Individual variation of gene expression and identification of co-variated genes in adipose tissue using cDNA microarrays

Stephane Boeuf1, Jaap Keijer2, Nicole L. W Franssen-Van Hal2, and Susanne Klaus1*

1 Biochemistry and Physiology of Nutrition, German Institute of Human Nutrition in Potsdam, Bergholz-Rehbruecke, Germany
2 RIKILT, Wageningen, The Netherlands

* To whom correspondence should be addressed. E-mail: klaus{at}www.dife.de.

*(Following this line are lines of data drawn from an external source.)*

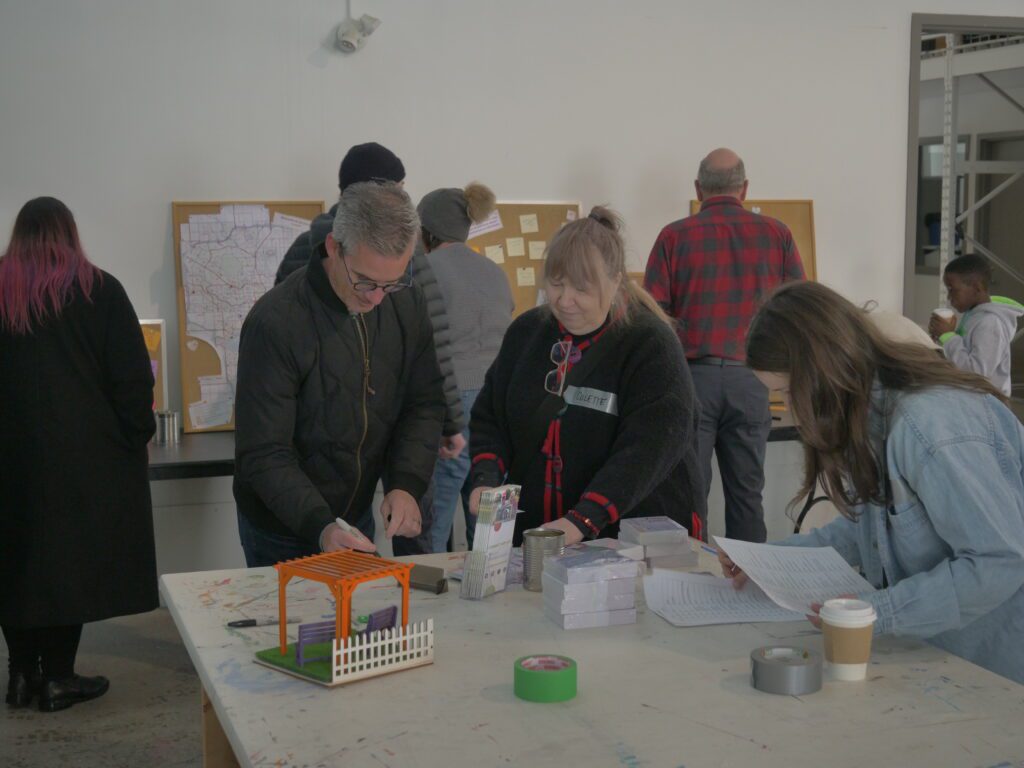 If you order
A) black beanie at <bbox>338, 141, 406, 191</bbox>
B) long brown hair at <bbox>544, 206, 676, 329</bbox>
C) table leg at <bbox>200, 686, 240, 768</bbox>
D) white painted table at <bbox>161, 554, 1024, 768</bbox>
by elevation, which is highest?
black beanie at <bbox>338, 141, 406, 191</bbox>

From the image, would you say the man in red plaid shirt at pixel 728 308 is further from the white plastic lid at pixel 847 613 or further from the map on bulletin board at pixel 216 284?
the white plastic lid at pixel 847 613

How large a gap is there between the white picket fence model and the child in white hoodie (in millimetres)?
3707

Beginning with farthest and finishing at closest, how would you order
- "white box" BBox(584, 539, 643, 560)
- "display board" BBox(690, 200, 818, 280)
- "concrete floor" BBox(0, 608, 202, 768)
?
"display board" BBox(690, 200, 818, 280) → "concrete floor" BBox(0, 608, 202, 768) → "white box" BBox(584, 539, 643, 560)

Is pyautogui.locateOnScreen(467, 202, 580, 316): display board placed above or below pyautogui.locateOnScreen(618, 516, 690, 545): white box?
above

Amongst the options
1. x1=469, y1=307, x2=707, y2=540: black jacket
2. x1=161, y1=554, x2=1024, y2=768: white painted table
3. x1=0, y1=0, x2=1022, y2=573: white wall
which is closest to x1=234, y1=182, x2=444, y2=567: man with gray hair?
x1=469, y1=307, x2=707, y2=540: black jacket

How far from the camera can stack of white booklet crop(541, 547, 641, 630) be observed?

Gene expression profiling through the application of microarrays provides comprehensive assessment of gene expression levels in a given tissue or cell population, as well as information on changes of gene expression in altered physiological or pathological situations. Microarrays are particularly suited to study interactions in the regulation of large numbers of different genes, since their expression is analyzed simultaneously. For improved understanding of the physiology of adipose tissue, and consequently obesity and diabetes, identification of co-variability in gene expression was attempted by analysis of the individual variability of gene expression in subcutaneous white and brown fat of the Siberian dwarf hamster using microarrays containing approximately 300 cDNA fragments of adipose genes. No sex dependant variability in gene expression could be found and overall individual variability was rather low with more than 80% of clones showing a coefficient of variability lower than 30%. Uncoupling protein 1 (UCP1) displayed a high variability of gene expression in brown fat, which was negatively correlated with the gene expression of complement factor B (FactB) implying a possible functional relationship.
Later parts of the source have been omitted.